Poker Clinic

Be aware that Freeroll play is not really an accurate representation of how people approach tournaments

Satellite news

I was down to the last 18 players in a multi-table online satellite that had a starting field of 371. The top nine are paid flat with entry to the tourney. I’m short- stacked with 25,000 chips left, however, that’s still the ninth largest remaining in the field. Blinds are 4,000/8,000 and are due to rise shortly.

I’m sitting on the big blind with 8,000 of my chips committed. Everyone folds to the button, who has 120,000 chips. He makes it 24,000 to go and the small blind folds. I’m sitting on K-Q offsuit and I have the choice of calling – effectively putting me all-in – or folding. I went all-in and got busted by A-5. If I had folded, I would have been down to 17,000 in chips with the small blind claiming another 4,000 in the next hand. However, I could have limped through another round. Potentially, the shorter stacks would have been eliminated and I could have made the payout. The blinds would have eliminated me by the next round.

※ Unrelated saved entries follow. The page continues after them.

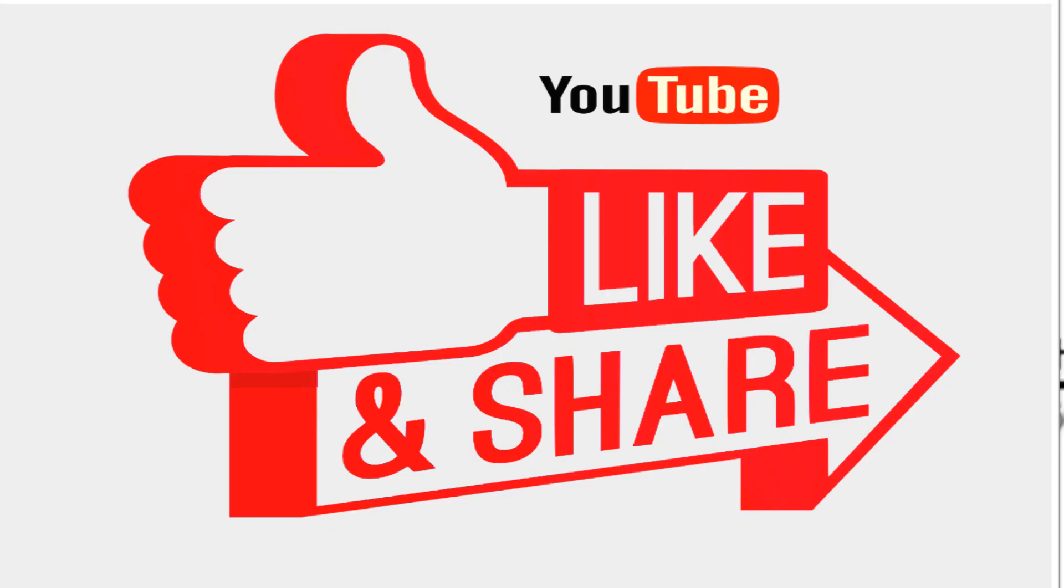By this we come to the end of this video. Hope you got an idea about how to read a P&ID. If you liked this video, please support us by subscribing our channel. Thank you.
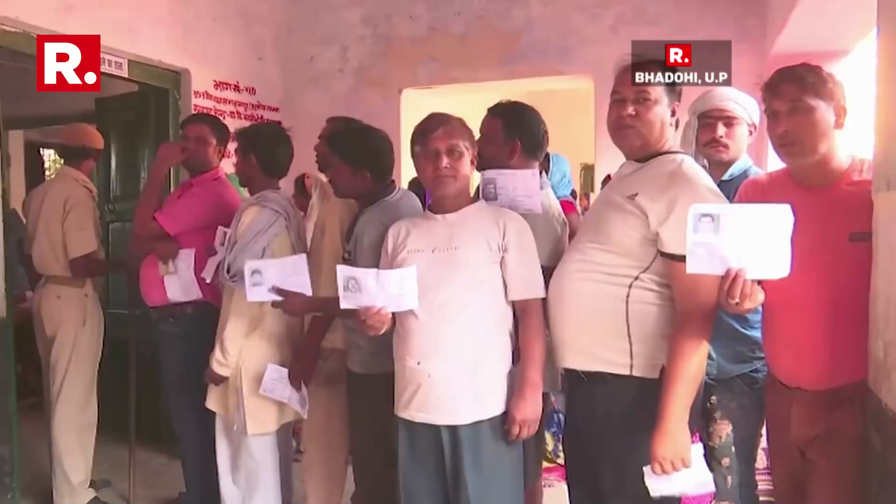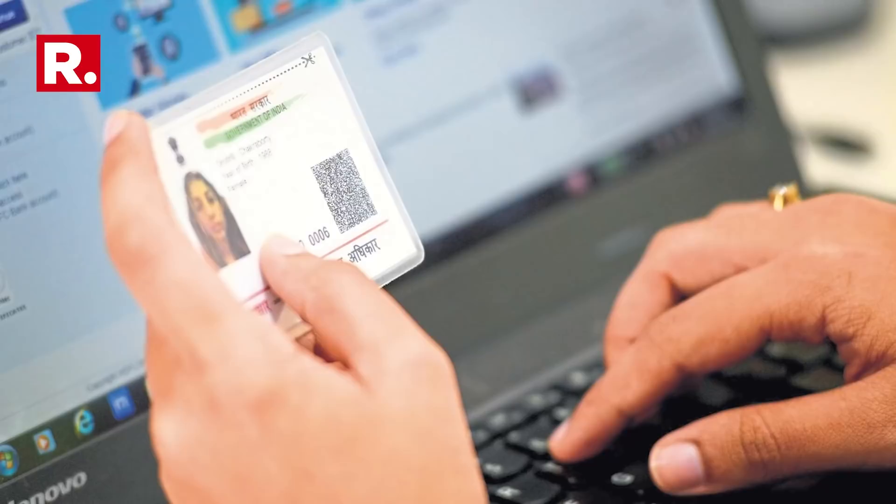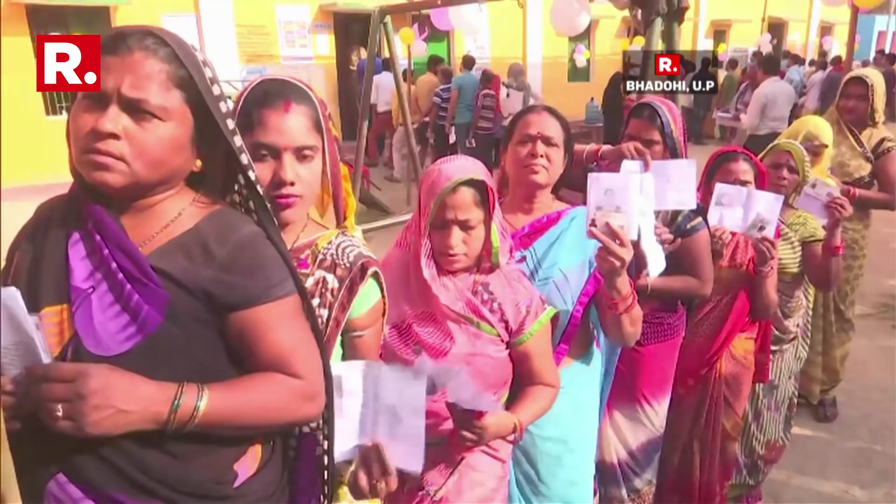Due to the earlier single cut-off date, a person attaining the age of 18 years on January 2 was not able to register. The bill also seeks to make a gender-neutral change by replacing the term 'wife' with 'spouse.' This allows husbands of service voters to cast their vote from the place where their wives are posted.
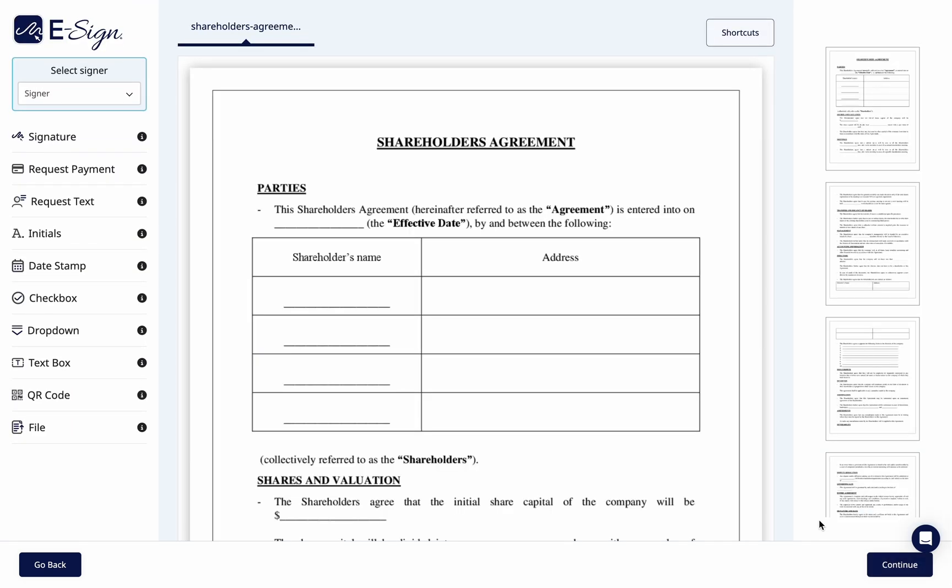Each recipient in the bulk list will receive their own documents to eSign. For example, if you import a bulk list to eSign with 45 recipients, 45 separate documents are generated and sent from your account for signing.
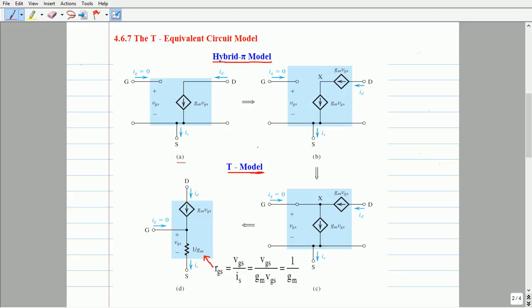The transformation shown in Figure B has terminal characteristics similar to that shown in Figure A. In Figure B, a new node labeled X is created between the drain and source terminals. Further, a second current source of magnitude GM times VGS is added in series with the original current source GM times VGS.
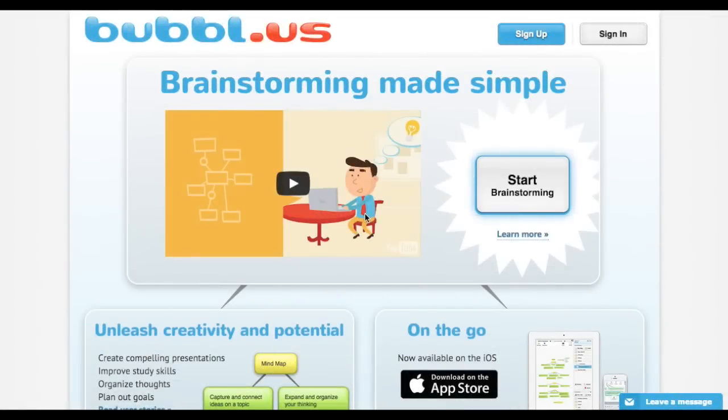Hi, everyone. This is Bubbleless. As you can see, it's brainstorming made simple.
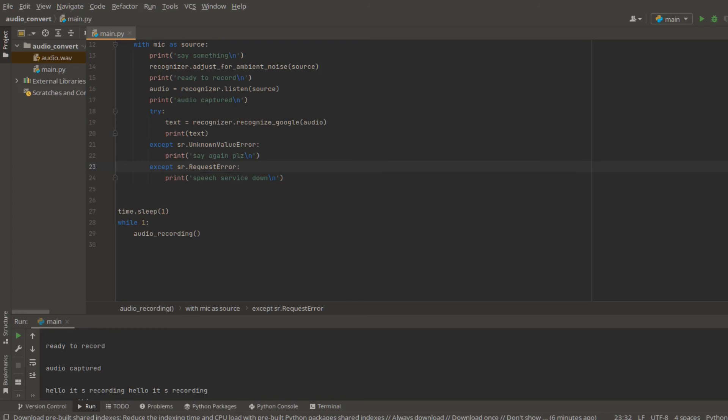So in this video, we introduced how to use speech recognition to convert the audio file to text. Next time we will discuss how to teach a computer to understand the voice command and execute its voice. Hope this video is helpful.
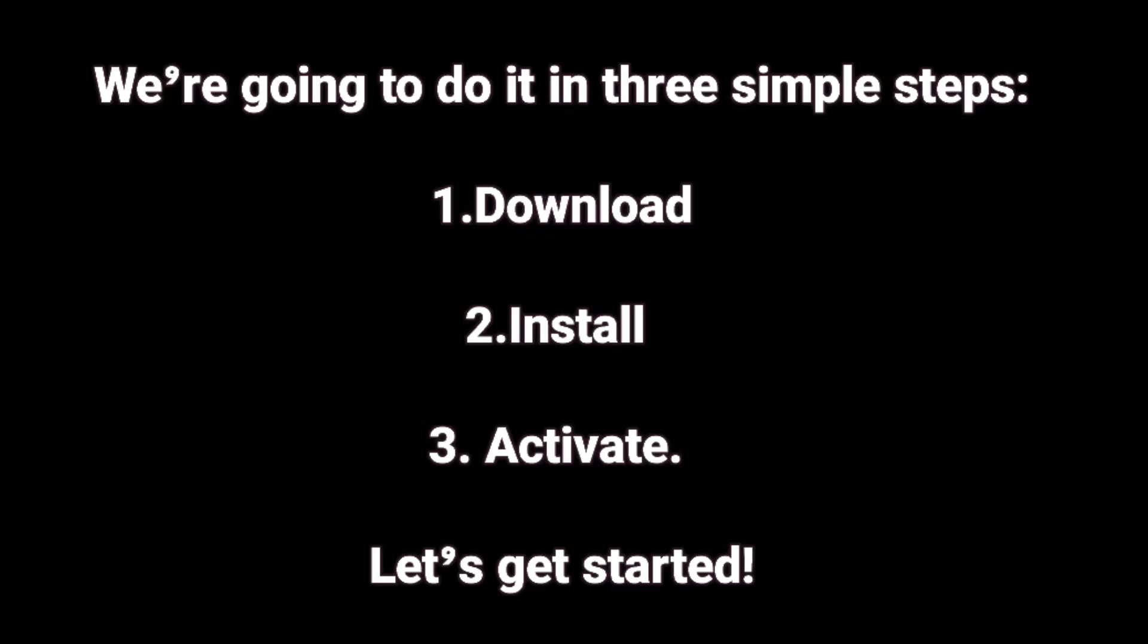We're going to do it in three simple steps: download, install, and activate.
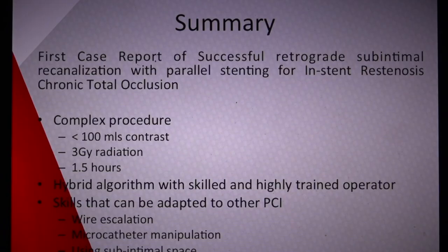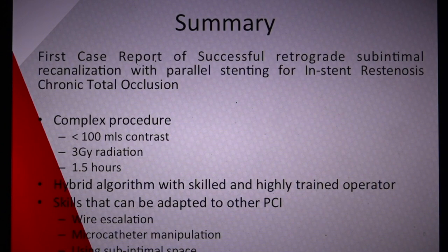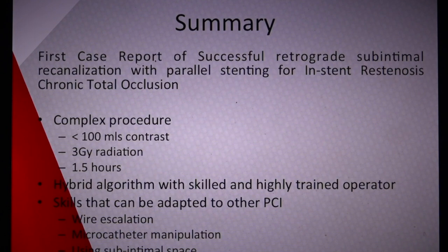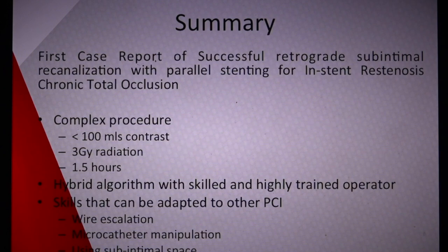In summary, at the time this was one of the first cases of successful retrograde subintimal recanalization with parallel stenting for in-stent restenosis and chronic total occlusion of an in-stent restenosis. It's a very complex procedure, but using the hybrid algorithm for CTO and pre-procedure planning, along with an expert operator, we managed to complete the entire procedure with less than 100 mils of contrast, three grays of radiation, in one and a half hours. A key takeaway is that this involves advanced CTO skills adaptable to other PCI, including wire escalation, microcatheter manipulation, and being comfortable in the subintimal space.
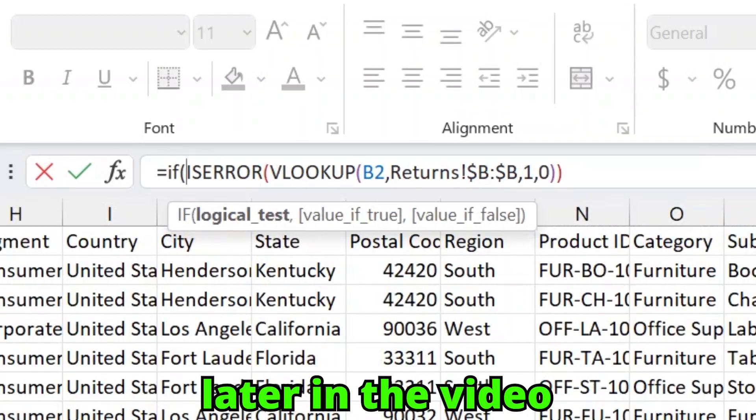In my over 25 years of using Microsoft Excel, there are three functions that I always come back to as the ones that can get me over any hurdle I may be facing. There's also one new one I want to cover, which is kind of an update to one of these old ones that has been around forever. Let's dive in.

Do you think I did the right thing? Fraser Young, by email

First off, I’m glad to see you’re thinking ahead in tournaments with regard to how your chip stack stands up to the rest of the field and how the blinds will affect it. You’d be surprised how many players I face day-in-day-out who can’t see past the hand they’re on before getting punished for their short-sightedness.

That said, I’m afraid I can’t agree with your actions in this hand. It reinforces one of my main principles, which is that I always want to be the aggressor and I always want two ways to win: my hand to hold up or for the other person to fold. By going all- in with K-Q offsuit after the button had raised, you’ve already lost the ‘make your opponent fold’ option immediately and you can only bank on your hand to hold up.

That’s fine if you have Aces or Kings, but K-Q is not the sort of hand to go to war with. The button could feasibly have been raising with any pair or Ace-rag, in which case you were always going to be behind – so I would definitely have folded when the button raised. Satellites place more emphasis on survival than any other kind of tournament. And, although you wouldn’t have been in the healthiest of shapes after the small blind had eaten into you, at least you would have had another revolution of the table to be the first to make a move.

Freerolling problems

I am new to poker and have been playing in some nightly freerolls to try and get a bit of experience at low cost. Do you think these are a good thing or not? I feel I have done quite well in these, but after some of the criticism I received over two hands a few nights ago I wonder whether I’m just learning to play badly.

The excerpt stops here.